I continue my breakdowns with cornerback.

#1

Justin Cox (JR)
4 star juco transfer who originally signed with MSU out of West Point but had to go the juco route. At 6’2 190, he immediately fits into the bigger type of CB that Darius Slay and Jon Banks were. After watching him all spring, I’m sold on his ability. He plays extremely physical on the outside as an intimidator. He has speed to burn. Definitely an NFL type talent that has to prove it on the field. A big year and he could be 1 and done.

#1

Cedric Jiles (Soph)
First off, I have Jiles listed as a sophomore but he’s a freshman on 247. I think he can get last year back via a medical redshirt on the back end of his career. I’m not an MSU official so don’t hold me to that listing. Anyway, at 5’10 and 190 Jiles isn’t the physically imposing CB that Cox is but he’s just as tough. In the spring he was neck and neck with Will Redmond but the suspension propels Jiles. He’s a well rounded CB who does everything well and needs to learn through experience.

#2

Jamerson Love (JR)
The most experienced of all of MSU’s corners and the only returning one with an interception. He’s very similar in size to Jiles and ran a dead heat in the spring with Jiles and Redmond. Love is very agile and uses his quickness to jump routes. He constantly gets praise from coaches for his progress during off-season workouts. Very well could be the starter come week 1.

#2

Taveze Calhoun (soph)
Somewhat of the forgotten man at corner for MSU. An injury kept him from competing this spring but he does return the 2nd most experience right behind Love. At 6’1 he does have really good size. He looked good in mop up duty last year. Fall camp is going to tell it all for Calhoun and his play time this upcoming season.

#3

Will Redmond (soph)
Having him as a 3rd team guy is not indicative of his talent or his performance in the spring. Having him 3rd team is all about him sitting out 6 games and having to get in the swing of things in the 2nd half of the year. He’s 6′ 180, runs really well, and plays with route intelligence. The suspension is no doubt a set back but I fully expect Redmond to make a strong push at playing time as soon as its up.

#3

Kivon Coman (true freshman)
Originally signed with MSU last year but had to do a year at Hargrave and was able to enroll in January and go through spring practice.
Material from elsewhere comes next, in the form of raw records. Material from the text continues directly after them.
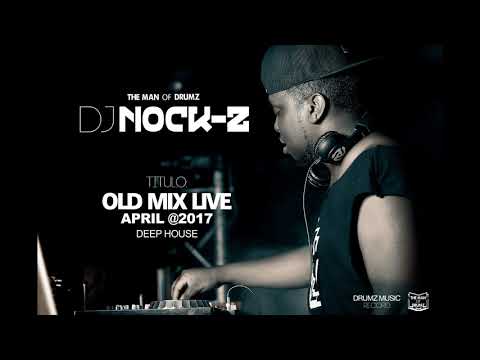 DJ NOCK-Z - OLD MIX LIVE DEEP HOUSE (ABRIL @2017)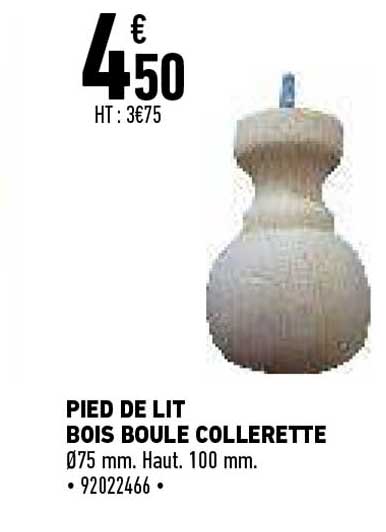 pied de lit bois boule collerette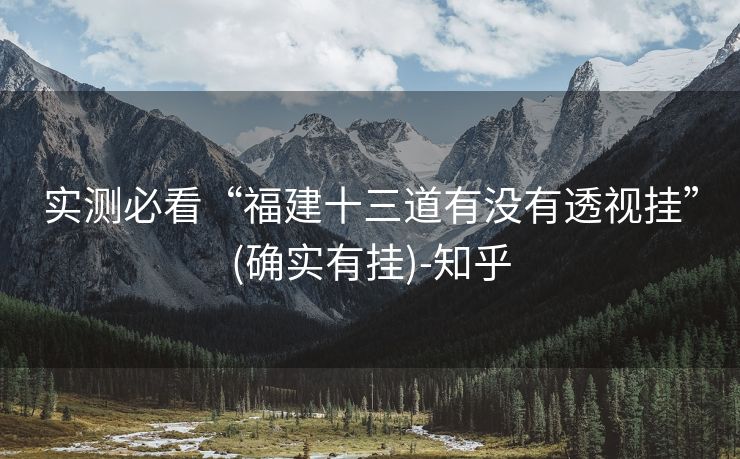 实测必看“福建十三道有没有透视挂”(确实有挂)-知乎 实测必看“福建十三道有没有透视挂”(确实有挂)-知乎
I was actually very surprised to see him at CB and not safety but I began to see why. At 6’1 200 with long arms, he is quite the imposing corner. He is very raw but I like his future. Outside of coverage units I don’t see him getting a bunch of game reps but I really like Coman’s future in the defensive backfield.

#4

Rishun McCaleb (SR)
He started his career as a walk-on from juco but he has competed in the defensive backfield at safety and corner from day 1. McCaleb is a hard worker with good size (6’3 200). From watching a bunch of practices and following McCaleb on twitter, its hard for him to not be a favorite of mine. He’s a guy you just root for.

#4

Tolando Cleveland, Jahmere Irvin-Sils, Gabe Miles (true freshman)
All these guys turned down other major BCS offers to come play CB at MSU. All 3 bring different strengths to the table but I expect to see all redshirt considering what’s in front of them. The competition at CB the next few years will be intense.

Analysis
Even though MSU lost 2 big time corners in Banks and Slay, I expect this group to do a really nice job replacing them. Cox gives gives you that immediate big time talent. Love, Jiles, and Redmond are in the middle of competition that makes everyone better. Love and Calhoun return the most experience but I’m not sure how much that matters. When you look at this position group and see no scholarship seniors and 7 guys sophomore or younger, you really have to like the future. That’s dog eat dog competition that will give you some quality starters.